A name that is generally used as a nickname for the 26th president of the united states. He disliked being called teddy and prefered that people adress him by his rank. While growing up, Mr. Roosevelt had severe asthma, to the point where he had to sleep standing up sometimes. He was picked on for this, and his father encouraged him to take up boxing for self defense, he became experianced and practiced it in college, at Harvard.
He decided to retire to the badlands after his fall through with politics and his first wife's death. He became a deputy sheriff, and one time, he hunted down 3 men who had stolen his river boat. After a particularly bad winter where he lost most of his cattle he decided to move back east.
He married again and became interested in politics once more.

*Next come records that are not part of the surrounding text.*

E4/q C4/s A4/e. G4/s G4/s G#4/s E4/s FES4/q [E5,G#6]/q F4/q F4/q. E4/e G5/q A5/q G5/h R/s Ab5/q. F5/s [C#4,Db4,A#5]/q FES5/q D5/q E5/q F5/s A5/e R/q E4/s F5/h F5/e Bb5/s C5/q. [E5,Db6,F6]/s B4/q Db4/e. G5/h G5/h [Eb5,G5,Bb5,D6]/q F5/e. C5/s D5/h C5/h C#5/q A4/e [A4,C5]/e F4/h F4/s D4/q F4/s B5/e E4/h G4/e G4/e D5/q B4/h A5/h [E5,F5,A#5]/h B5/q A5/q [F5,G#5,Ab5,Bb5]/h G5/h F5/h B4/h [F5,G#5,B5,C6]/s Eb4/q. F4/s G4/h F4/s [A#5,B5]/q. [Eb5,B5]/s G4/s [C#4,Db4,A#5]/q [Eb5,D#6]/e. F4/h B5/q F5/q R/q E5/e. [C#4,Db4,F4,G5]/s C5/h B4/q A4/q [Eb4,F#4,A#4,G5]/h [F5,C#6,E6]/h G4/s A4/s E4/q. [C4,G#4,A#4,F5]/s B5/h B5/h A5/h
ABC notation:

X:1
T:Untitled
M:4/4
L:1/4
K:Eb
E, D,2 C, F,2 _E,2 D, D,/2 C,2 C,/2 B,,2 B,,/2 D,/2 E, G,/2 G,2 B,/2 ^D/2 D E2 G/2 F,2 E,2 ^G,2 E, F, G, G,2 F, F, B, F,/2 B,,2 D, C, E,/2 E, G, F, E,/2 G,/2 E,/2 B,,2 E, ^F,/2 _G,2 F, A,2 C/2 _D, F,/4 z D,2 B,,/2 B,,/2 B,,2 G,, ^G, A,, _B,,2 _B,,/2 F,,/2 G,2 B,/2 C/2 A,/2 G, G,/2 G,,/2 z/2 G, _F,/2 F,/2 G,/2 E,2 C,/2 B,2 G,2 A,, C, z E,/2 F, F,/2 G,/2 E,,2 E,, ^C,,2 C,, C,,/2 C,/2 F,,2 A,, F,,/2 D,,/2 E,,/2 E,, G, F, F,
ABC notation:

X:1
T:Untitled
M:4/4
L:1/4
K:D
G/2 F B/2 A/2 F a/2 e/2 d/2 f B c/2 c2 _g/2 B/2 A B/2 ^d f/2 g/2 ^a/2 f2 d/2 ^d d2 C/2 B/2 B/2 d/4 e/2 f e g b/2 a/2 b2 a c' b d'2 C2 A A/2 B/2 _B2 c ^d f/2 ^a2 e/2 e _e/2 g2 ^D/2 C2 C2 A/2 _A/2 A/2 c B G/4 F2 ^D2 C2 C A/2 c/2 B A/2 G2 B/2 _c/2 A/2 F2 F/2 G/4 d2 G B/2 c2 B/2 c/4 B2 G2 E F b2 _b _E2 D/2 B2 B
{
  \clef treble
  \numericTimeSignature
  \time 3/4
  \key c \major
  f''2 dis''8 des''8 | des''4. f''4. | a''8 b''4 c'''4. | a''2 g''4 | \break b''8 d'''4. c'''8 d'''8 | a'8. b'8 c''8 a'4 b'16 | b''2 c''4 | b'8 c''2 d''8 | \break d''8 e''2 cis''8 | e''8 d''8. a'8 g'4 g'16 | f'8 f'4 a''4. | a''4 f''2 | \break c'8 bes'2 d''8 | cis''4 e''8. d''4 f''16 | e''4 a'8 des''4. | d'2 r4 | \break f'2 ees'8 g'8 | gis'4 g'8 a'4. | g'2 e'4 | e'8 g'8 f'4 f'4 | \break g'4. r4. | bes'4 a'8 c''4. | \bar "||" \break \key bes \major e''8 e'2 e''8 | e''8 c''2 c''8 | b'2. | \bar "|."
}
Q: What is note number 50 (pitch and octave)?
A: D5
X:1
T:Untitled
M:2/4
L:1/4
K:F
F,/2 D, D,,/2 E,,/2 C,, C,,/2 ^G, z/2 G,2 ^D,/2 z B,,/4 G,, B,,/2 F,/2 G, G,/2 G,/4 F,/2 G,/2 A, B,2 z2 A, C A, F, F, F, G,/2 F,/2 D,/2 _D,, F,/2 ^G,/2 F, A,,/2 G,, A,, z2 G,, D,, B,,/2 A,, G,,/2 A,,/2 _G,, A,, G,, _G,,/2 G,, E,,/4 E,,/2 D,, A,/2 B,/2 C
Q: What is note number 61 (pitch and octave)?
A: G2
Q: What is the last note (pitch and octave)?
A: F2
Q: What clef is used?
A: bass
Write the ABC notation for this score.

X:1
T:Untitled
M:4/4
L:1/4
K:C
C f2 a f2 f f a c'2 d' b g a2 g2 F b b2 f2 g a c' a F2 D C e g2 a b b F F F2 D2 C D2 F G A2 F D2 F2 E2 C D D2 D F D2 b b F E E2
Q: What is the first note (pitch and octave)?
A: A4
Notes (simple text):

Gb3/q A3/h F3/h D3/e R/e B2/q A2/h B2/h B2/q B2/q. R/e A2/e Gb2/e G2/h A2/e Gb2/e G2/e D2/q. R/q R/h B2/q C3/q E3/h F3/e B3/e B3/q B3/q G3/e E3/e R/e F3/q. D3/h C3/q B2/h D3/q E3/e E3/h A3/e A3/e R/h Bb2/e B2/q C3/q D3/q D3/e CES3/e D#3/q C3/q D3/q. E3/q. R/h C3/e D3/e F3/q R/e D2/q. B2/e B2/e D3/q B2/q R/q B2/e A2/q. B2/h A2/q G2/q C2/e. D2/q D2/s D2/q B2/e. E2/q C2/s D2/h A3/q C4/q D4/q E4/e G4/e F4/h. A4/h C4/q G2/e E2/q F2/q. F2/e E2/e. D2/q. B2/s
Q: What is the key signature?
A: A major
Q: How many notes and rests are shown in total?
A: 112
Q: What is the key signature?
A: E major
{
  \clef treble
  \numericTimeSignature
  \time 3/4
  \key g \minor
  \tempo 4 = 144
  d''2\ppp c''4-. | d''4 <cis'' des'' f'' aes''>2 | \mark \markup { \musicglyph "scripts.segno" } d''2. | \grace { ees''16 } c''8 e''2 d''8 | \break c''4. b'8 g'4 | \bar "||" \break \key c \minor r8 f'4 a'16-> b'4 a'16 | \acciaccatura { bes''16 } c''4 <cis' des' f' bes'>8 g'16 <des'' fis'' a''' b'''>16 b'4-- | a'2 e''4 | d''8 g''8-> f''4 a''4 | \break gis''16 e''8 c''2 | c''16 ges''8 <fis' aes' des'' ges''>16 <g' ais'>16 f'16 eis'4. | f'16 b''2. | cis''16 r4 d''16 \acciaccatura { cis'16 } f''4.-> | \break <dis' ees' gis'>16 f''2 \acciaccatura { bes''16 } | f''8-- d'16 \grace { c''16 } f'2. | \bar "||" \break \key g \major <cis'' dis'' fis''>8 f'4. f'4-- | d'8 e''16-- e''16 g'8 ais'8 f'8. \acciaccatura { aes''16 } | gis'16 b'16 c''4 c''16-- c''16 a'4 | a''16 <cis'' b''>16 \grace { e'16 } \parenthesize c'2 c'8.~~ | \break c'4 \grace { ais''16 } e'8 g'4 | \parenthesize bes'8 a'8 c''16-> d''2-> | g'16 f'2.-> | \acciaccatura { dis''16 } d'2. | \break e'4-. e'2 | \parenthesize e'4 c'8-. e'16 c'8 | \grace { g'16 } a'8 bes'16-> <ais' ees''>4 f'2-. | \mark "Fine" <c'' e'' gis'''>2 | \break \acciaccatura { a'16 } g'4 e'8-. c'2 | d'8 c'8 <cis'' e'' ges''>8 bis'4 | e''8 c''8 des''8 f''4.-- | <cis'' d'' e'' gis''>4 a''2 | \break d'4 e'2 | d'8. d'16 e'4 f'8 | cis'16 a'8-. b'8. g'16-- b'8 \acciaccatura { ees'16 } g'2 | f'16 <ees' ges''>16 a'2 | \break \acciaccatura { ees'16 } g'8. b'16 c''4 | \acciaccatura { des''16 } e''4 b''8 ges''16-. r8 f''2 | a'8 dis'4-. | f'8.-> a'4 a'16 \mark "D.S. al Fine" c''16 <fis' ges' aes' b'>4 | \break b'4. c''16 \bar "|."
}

In the 1900 election he was put on the republican ballot as v-p to McKinnley (the republicans feared him, for even though he was a part of their party he was too radical, so they decided to let him be v-p one time to quench his desire to hold office, they belived that he would step down afterwards). Unfortunatly for the republicans, McKinnley was shot in 1901 by some anarchist.
Mr. Roosevelt quickly started to change the way things ran, he started breaking up trusts; he was the first president to do so, which resulted in his nickname the "trustbuster". Whenever he did not get his way in congress, he would give a speech to the public, then the public would complain to their senators and representitives until Mr. Roosevelt got his way. He labled the white house a "bully pulpit" which was the perfect place for him to give his speeches.
Quick things about Mr. Roosevelt:
-one of the first presidents to have his voice recorded
-first predient to settle a labor dispute
-first,(and I believe only) president to win the nobel peace prize
-he set up a group of soliders known as the "rough riders" during the Spanish American War and they kicked ass
-he got the rights for the Panama Canal to be built
-he set off huge acres of land in America for conservation
-he liked to hunt wild animals for sport, he killed mountain lions with knives ocasionally
His presidency lasted from 1901-1909. His hand picked sucsesor, Taft, became the next president. Many of Taft's decisions enraged Mr. Roosevelt, which caused him to create the bull moose party and run for re-election in 1912. During one of his speeches Mr. Roosevelt was shot in the chest, but a folded copy of his 50 page speech and his glasses case in his chest pocket slowed the bullet. He hypothisized that the bullet did no major damage based on the fact that he was not coughing up blood. He continued the speech with, "Ladies and gentlemen, I don't know whether you fully understand that I have just been shot; but it takes more than that to kill a Bull Moose."; he decided not to have the bullet removed and he lived with it for the rest of his life.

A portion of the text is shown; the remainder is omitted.